Structural Biochemistry/NMP Kinase
A specific enzyme called Nucleoside Monophosphate kinase (NMP kinase) catalyzes the transfer of a terminal phosphate group (ATP in most cases) to the phosphate group on the Nucleoside Monophosphate (NMP). Oftentimes, the transfer of NTP to NMP competes with a hydrolysis reaction in which the phosphate group from NTP transfers to a molecule of water instead. However, the use of the induced fit model allows the enzyme to wrap around the substrate and change the overall conformation of the enzyme-substrate complex in order to solve this problem. The phosphorylation reaction takes on the general form:
- ATP + NMP <=====> ADP + NDP
In this reaction, the enzyme NMP binds to the substrate ATP (by induced fit). NMP gains one phosphate group and becomes NDP, whereas the ATP substrate loses one phosphate group and thus becomes ADP.

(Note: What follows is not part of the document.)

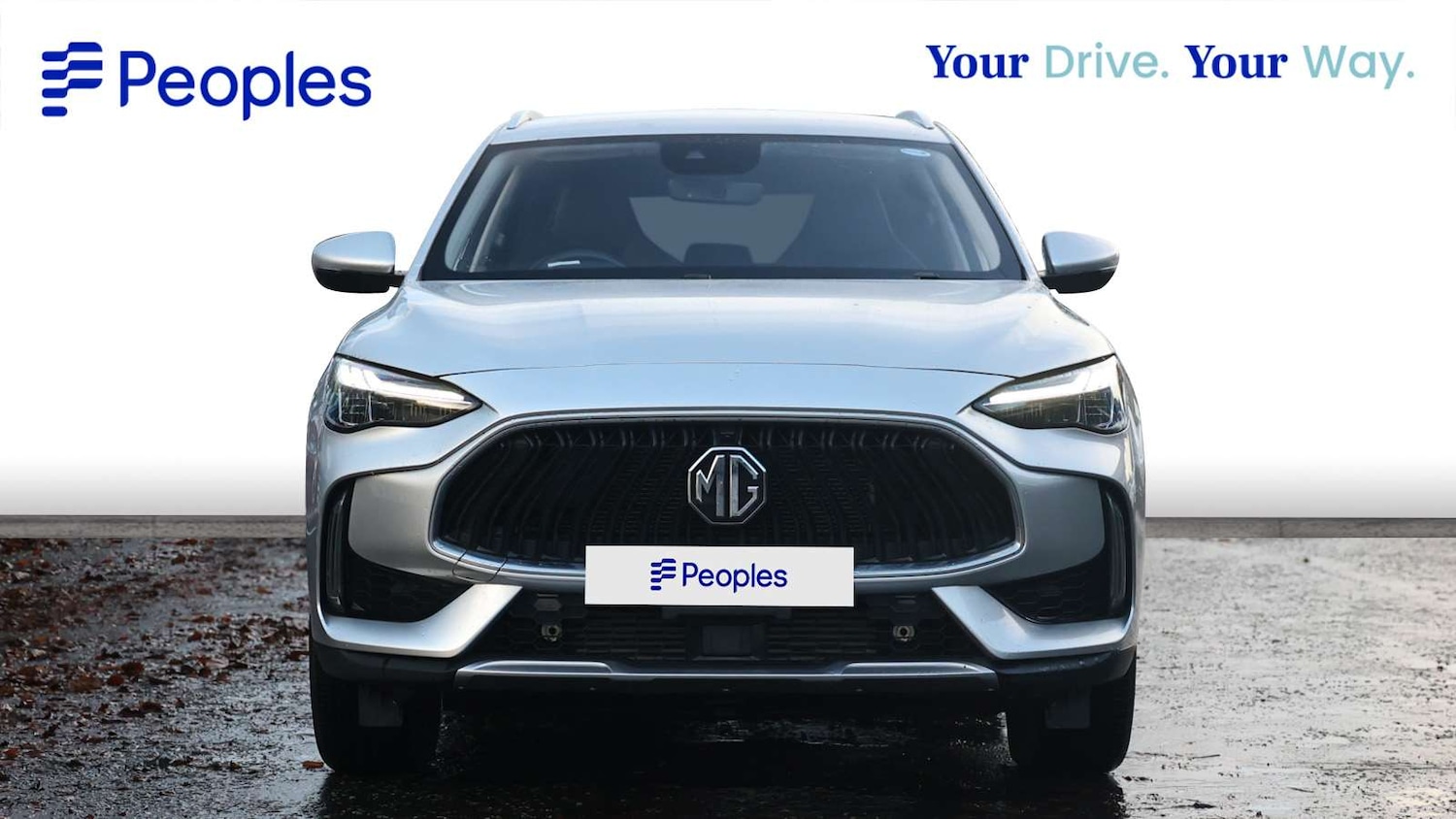 Used MG MG HS 2024 for sale - 76874416: Photo 5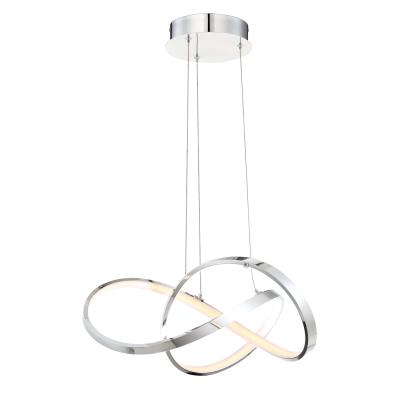 China 2021 New Product Modern Modern Ceiling Pendant Lights Led Bedroom Living Room Restaurant Metal Indoor Lighting Pendant Light for sale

Through X-ray crystallography, scientists and researchers discovered the structure of many different NMP kinases. Analyzing the three-dimensional structures revealed that these kinases are homologous proteins. Moreover, crystallographic data suggested that the NTP-binding domain was strictly conserved. This domain consists of two alpha helices wrapped around a beta sheet. One distinct feature of this domain is the formation of a loop between the beta strand and the alpha helix (P-Loop). These loops tend to wrap or "loop" around substrates, therefore enclosing them. The P-Loop is unique in the sense that it interacts with phosphate groups on bounded nucleotides.
Magnesium and Manganese Complexes
Studies of NMP kinases and ATP substrates reveal that these kinases are only active in the presence of divalent metal ions such as magnesium or manganese. In this case, the ATP substrate binds to the divalent ion, forming a metal ion-nucleotide complex. This complex is ultimately the true substrate for enzymes like NMP kinase.
Binding of divalent ions like magnesium or manganese increases the enzyme specificity. These ions help stabilize negative charges on phosphate groups. The interactions between the divalent ion and the oxygen atoms in the phosphate group changes the conformation such that it can bind specifically to the enzyme. These divalent ions also produce an interaction between the true substrate complex and the enzyme, therefore increasing the binding energy.
By understanding the tertiary structure of adenylate kinase, scientists and researchers discovered that a large conformational change occurs when adenylate kinase binds to an ATP analog. The P-Loop wraps around the phosphate chain, reacting mostly with the beta phosphate group. This allows the domain of the enzyme to shift downward such that a lid forms over the bounded nucleotide. As a result, the gamma phosphate group is positioned directly next to the NMP binding site. This binding induces yet another conformational change.